Dans la campagne espagnole, les villages se vident inéxorablement. Aussi, quand, aux environs de l'un d'entre eux, on découvre un semblant de grotte, c'est toute la population qui se réveille : et si cela pouvait devenir la nouvelle attraction de la région et attirer de nouveau la population? Des spéléologues de la ville sont appelés. Et ce qui ne devait être pour eux qu'une visite de routine de tourner à la catastrophe en série : Gabi, la compagne d'Esteban, frôle le viol, un viel homme est tué, un jeune policier plonge dans le mensonge jusqu'au cou, un violeur en série court toujours... Les événements s'enchaînent et, inéluctablement, des vies basculent.

Si le secret d'un bon thriller est de mettre le spectateur sous une pression à peine soutenable, de l'inciter à penser que le pire peut arriver à tout le monde et/ou que tout le monde est capable du pire. Si le secret d'un bon thriller est de perturber tous les sens, alors Jorge Sanchez Cabezudo l'a décroché.
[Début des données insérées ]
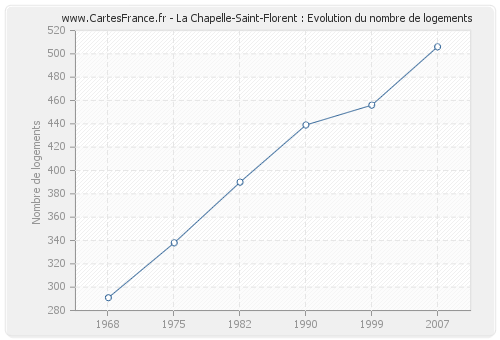 La Chapelle-Saint-Florent : Evolution du nombre de logements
Après quelques légers balbutiements de mise en place de l'intrigue, une scène -celle du viol- ouvre la voie à une succession de situations toutes d'autant plus glaçantes qu'elles s'enchaînent sans effort. Comme naturellement. Un regard, une parole mal interprétés et le plus doux des hommes peut devenir criminel. Une lassitude qui traîne, une mauvaise rencontre le soir du verre de trop, et le policier le plus docile bascule dans le camp des ripoux...

Tout n'est qu'affaire de hasard, de coïncidences et de point de vue : le jeune réalisateur et scénariste en semble convaincu, qui choisit de diviser son film en plusieurs séquences qui ont chacune un héros différent. Ainsi, les mêmes scènes sont revues et revécues à plusieurs reprises, suivant un point de vue nouveau à chaque fois. Le procédé complexe quoique assez commun, perd ici ses effets d'exercice de style pour se mettre entièrement au service du récit qui reste simple. La construction, très littéraire, est impeccable, la machine narrative fonctionne à la perfection, parfaitement huilée, elle génère ses propres grains de sable qui chaque fois viennent perturber la presque tranquilité que croyaient avoir trouvé les personnages. Et nous, avec eux -tant il est vrai que ces héros, parfaitement imaginés et interprétés, nous deviennent proches. L'image, tantôt caniculaire et sensuelle, tantôt glaciale à la polar, témoigne d'un excellent goût photographique. Le choix des comédiens n'est pas plus critiquable : remarquable Judith Diakhate, irréprochable Carmelo Gomez... Avec cette "Nuit des tournesols", Jorge Sanchez met des frissons dans le dos et l'eau à la bouche : un réalisateur à ne surtout pas lâcher d'une pellicule.